Read Tranquility Online

Authors: Attila Bartis

Tranquility (15 page)

“Let's go then,” I said, after my eyes had had their fill.

“All right,” she said, after she looked into my eyes.

.   .   .

That's when I should have left Eszter, in the espresso bar, with all the cognac glasses on the table and her referral for a biopsy. “Can I throw this away?” the waitress asked, and I said no and put the referral away as if it had been mine. In a few days, we had the results and it turned out that the tumor in Eszter Fehér's uterus was benign.

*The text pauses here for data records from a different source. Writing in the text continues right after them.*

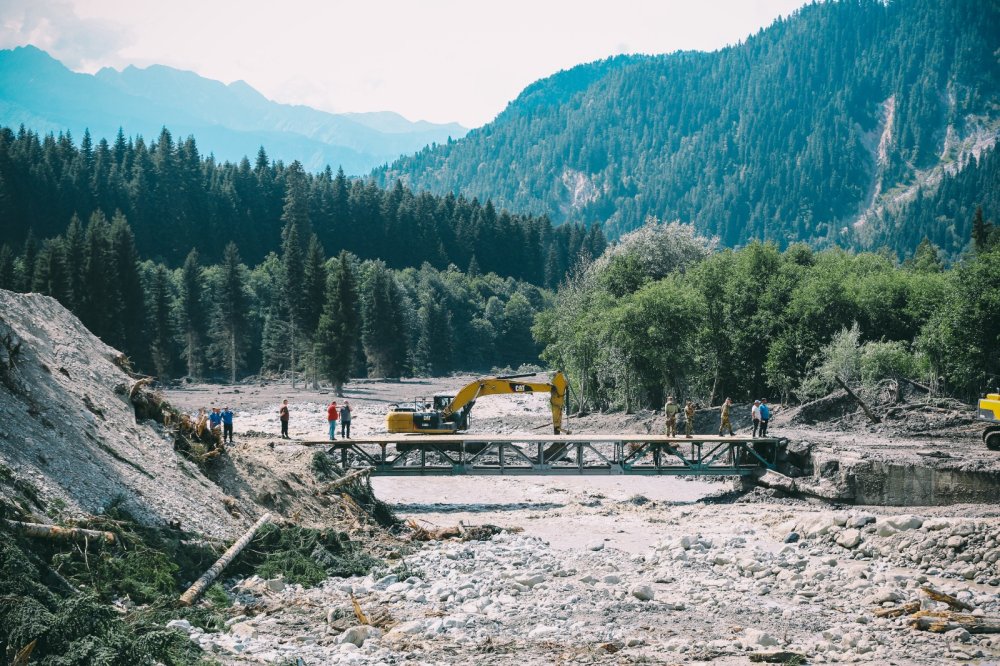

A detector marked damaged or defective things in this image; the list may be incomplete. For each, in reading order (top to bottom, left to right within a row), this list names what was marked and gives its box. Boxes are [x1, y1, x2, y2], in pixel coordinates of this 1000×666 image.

landslide damage [0, 290, 398, 664]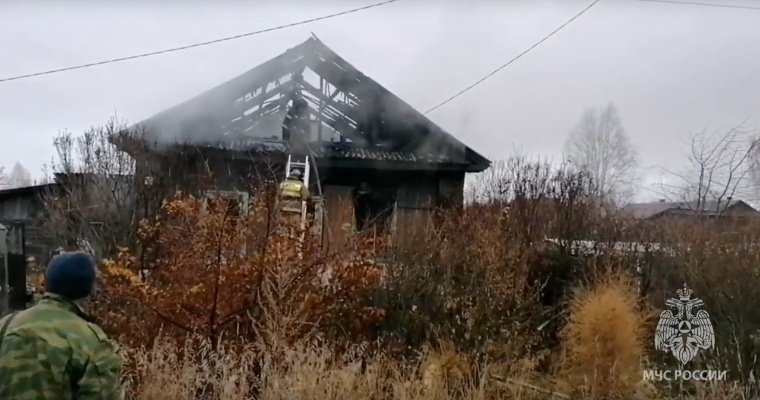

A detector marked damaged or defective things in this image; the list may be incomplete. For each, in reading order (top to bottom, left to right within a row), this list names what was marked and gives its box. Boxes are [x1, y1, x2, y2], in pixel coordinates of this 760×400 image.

burned wooden house [123, 36, 492, 250]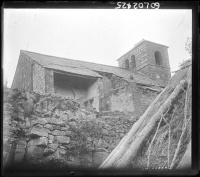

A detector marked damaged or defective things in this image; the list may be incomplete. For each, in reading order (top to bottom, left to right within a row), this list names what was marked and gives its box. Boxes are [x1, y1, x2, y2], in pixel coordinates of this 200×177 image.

damaged stone building [11, 39, 170, 116]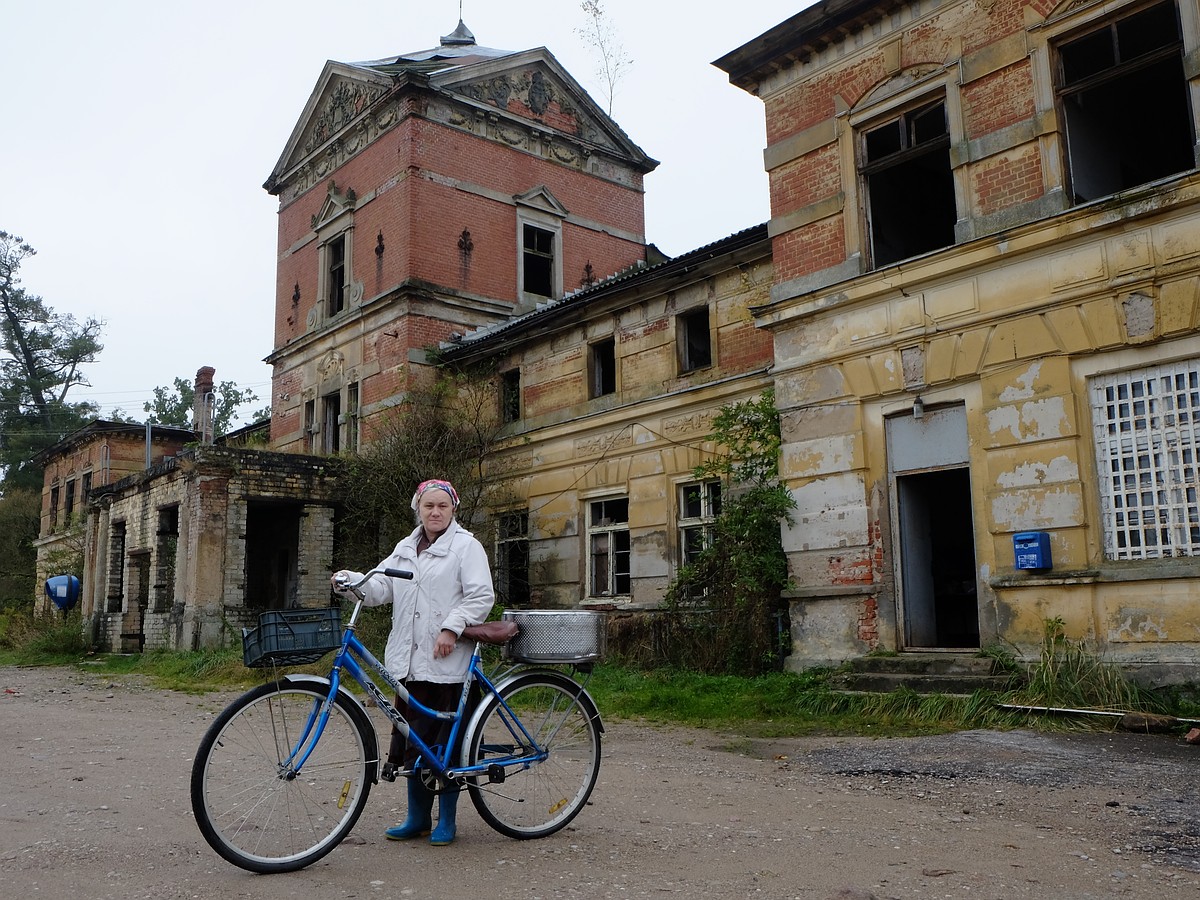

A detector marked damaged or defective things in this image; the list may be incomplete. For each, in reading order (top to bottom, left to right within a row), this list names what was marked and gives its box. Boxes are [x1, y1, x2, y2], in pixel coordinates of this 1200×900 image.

broken window [1056, 1, 1192, 204]
broken window [864, 100, 956, 268]
broken window [516, 225, 552, 298]
broken window [502, 368, 520, 424]
broken window [592, 338, 620, 398]
broken window [676, 304, 712, 370]
broken window [1096, 356, 1200, 556]
broken window [500, 510, 532, 608]
broken window [588, 500, 632, 596]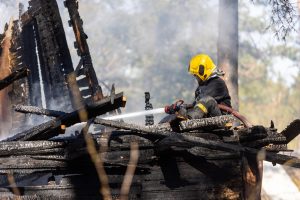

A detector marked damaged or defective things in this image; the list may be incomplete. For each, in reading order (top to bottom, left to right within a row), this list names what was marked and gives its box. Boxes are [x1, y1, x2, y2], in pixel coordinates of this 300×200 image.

scorched timber [5, 93, 125, 141]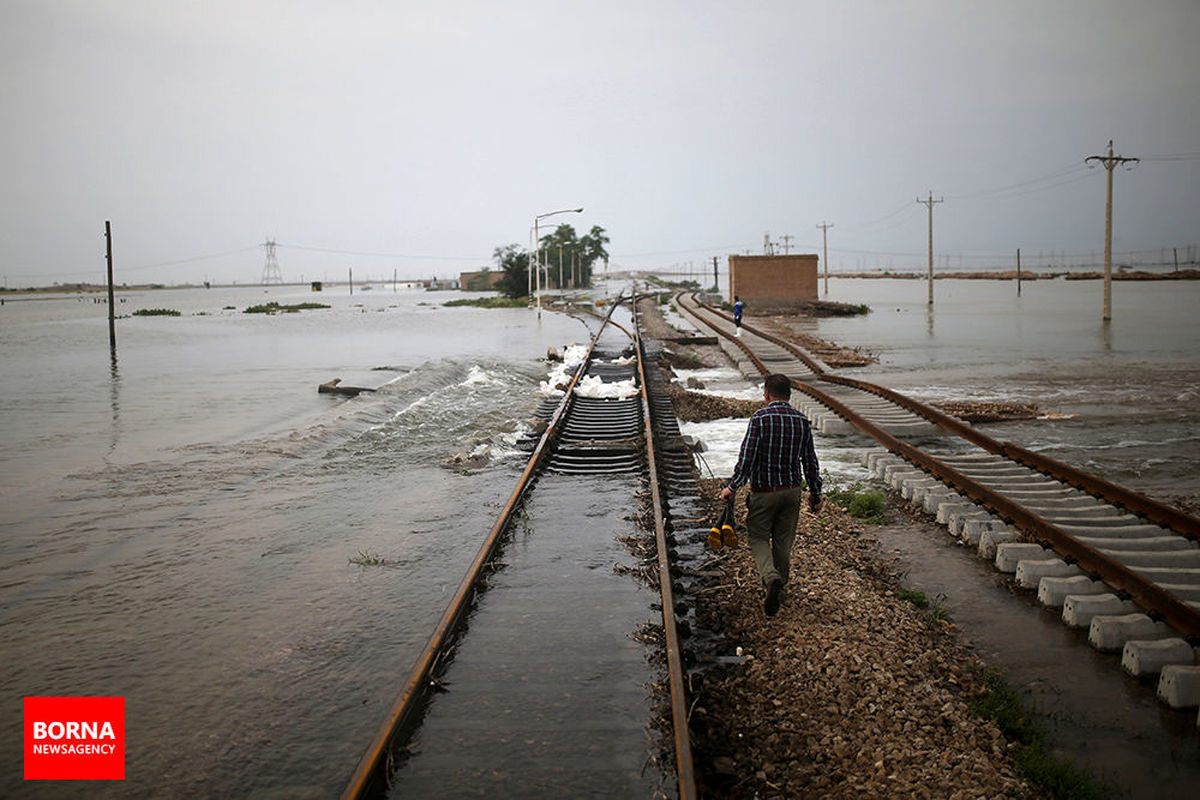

After a routine operation, her womb would be as serviceable as that of any healthy twenty-eight-year-old woman's, equally suitable for birth or abortion, depending on the quality of the woman's relationship to her partner.

I was waiting in the corridor, with two packs of cigarettes in my pocket,
because I didn't know how long it would take to remove a benign tumor, but I had the urge, after the first cigarette, to run into the operating room and make them stop immediately. At last, the door opened and Dr. Vidák reassured me that everything was just fine, but for at least a month, we must stay away from
that
, did I understand?

“I understand,” I said, and two days later I took Eszter home from the hospital to a thirty-two-square-meter tenement in the Ninth District, and carried her up the cat-smelling staircase to the fourth floor as one would a wife after she gave birth, even though that was the first time I set foot in her place.

Where are you going son?

I have to get bread, Mother.

We still have some, yesterday you came home after ten again. I had things to do, Mother.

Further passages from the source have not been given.